TASK GOAL -> Print the whole listing again exactly, keeping no pictures in it.

SUPPLIED MATERIAL ->
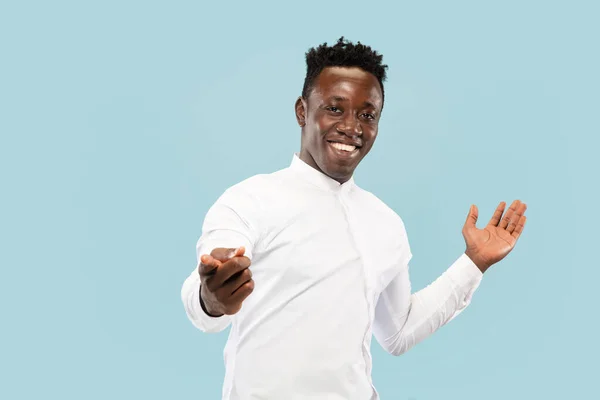 Hombre afroamericano joven aislado en fondo de estudio azul, concepto de emociones humanas . — Foto de Stock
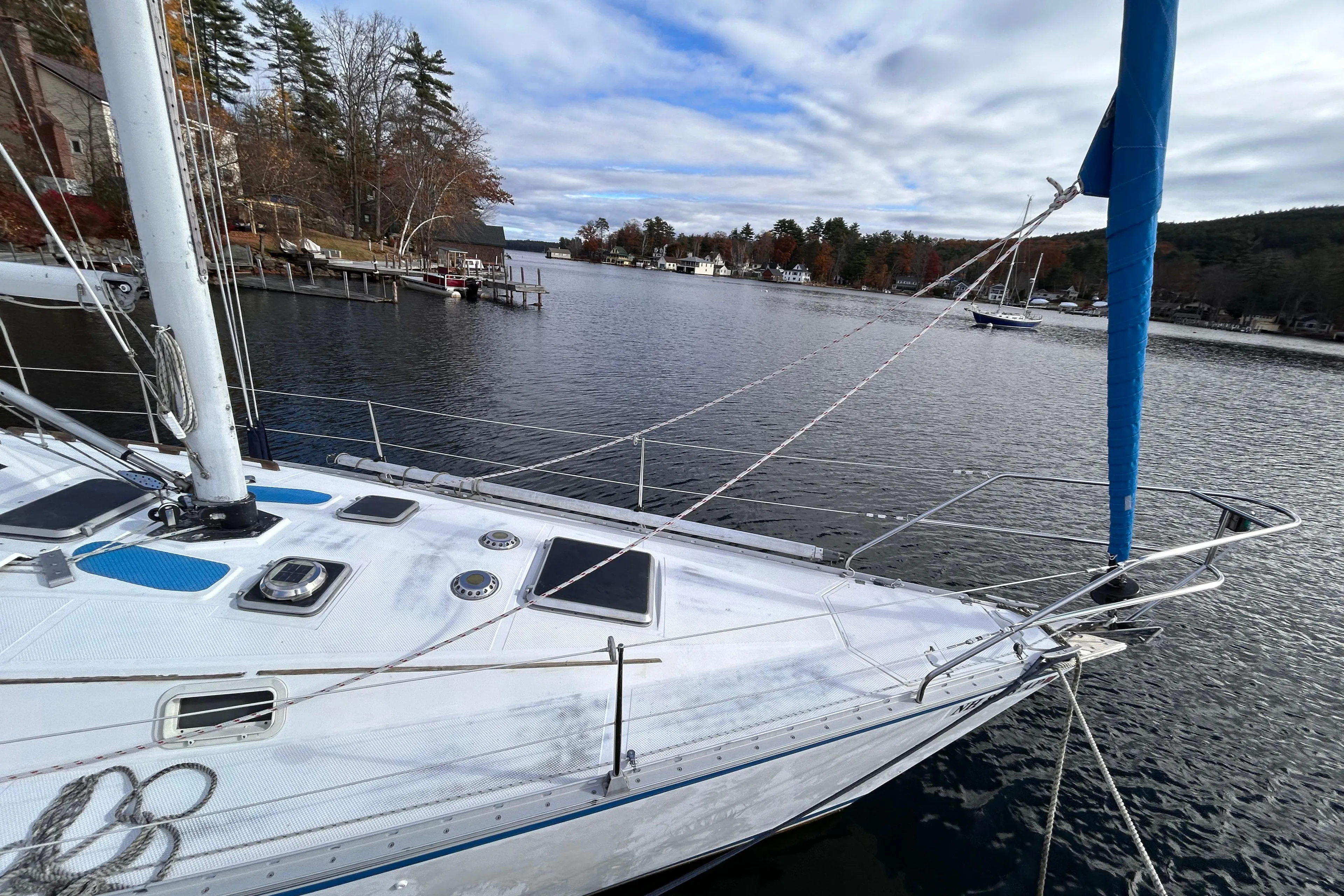 1983 Hunter 34 sailboat docked on a serene lake with a scenic backdrop.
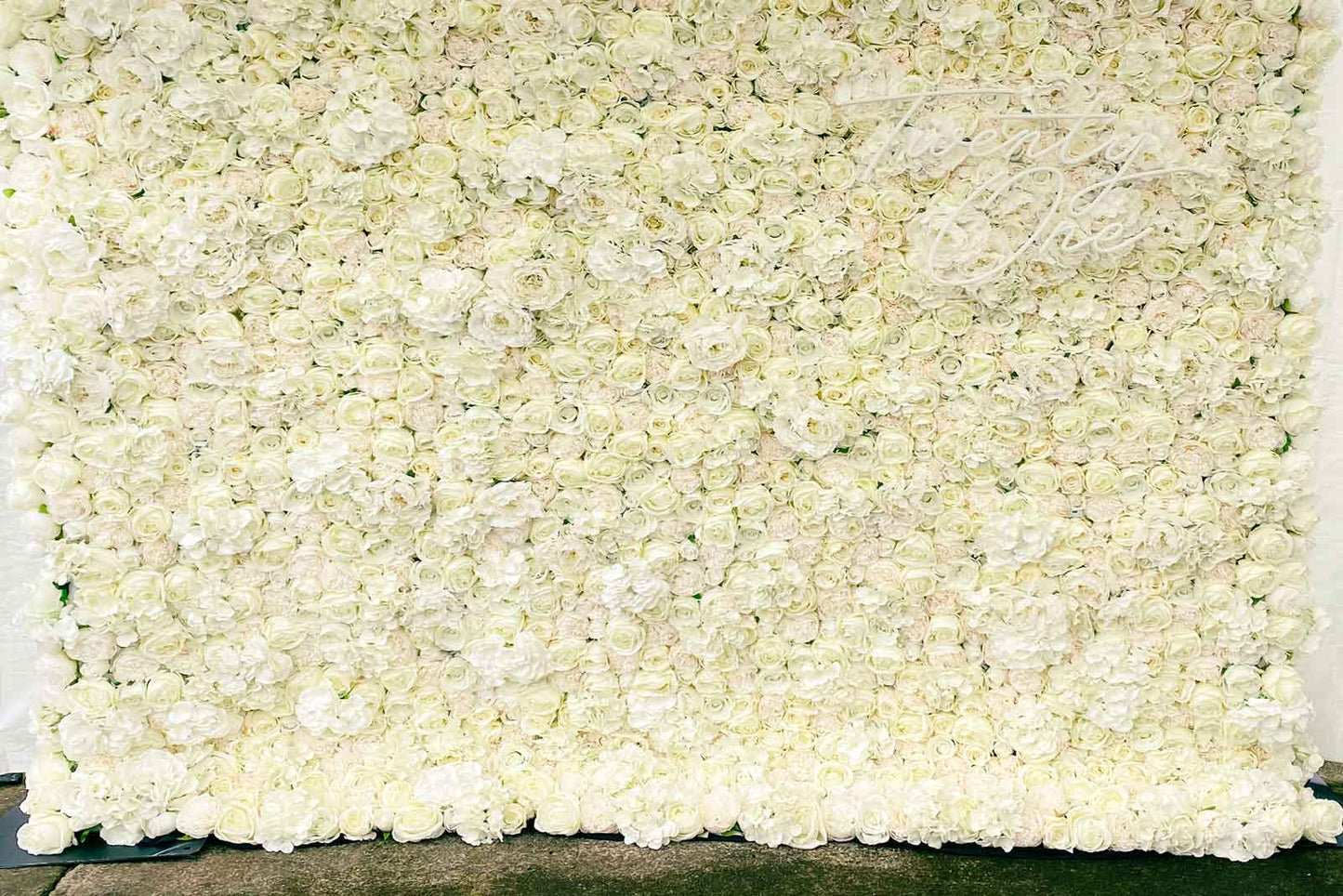 White flower wall backdrop for 21st birthday celebrations and milestone photos in NZ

ANSWER SECTION ->
 Hombre afroamericano joven aislado en fondo de estudio azul, concepto de emociones humanas . — Foto de Stock
 1983 Hunter 34 sailboat docked on a serene lake with a scenic backdrop.
 White flower wall backdrop for 21st birthday celebrations and milestone photos in NZ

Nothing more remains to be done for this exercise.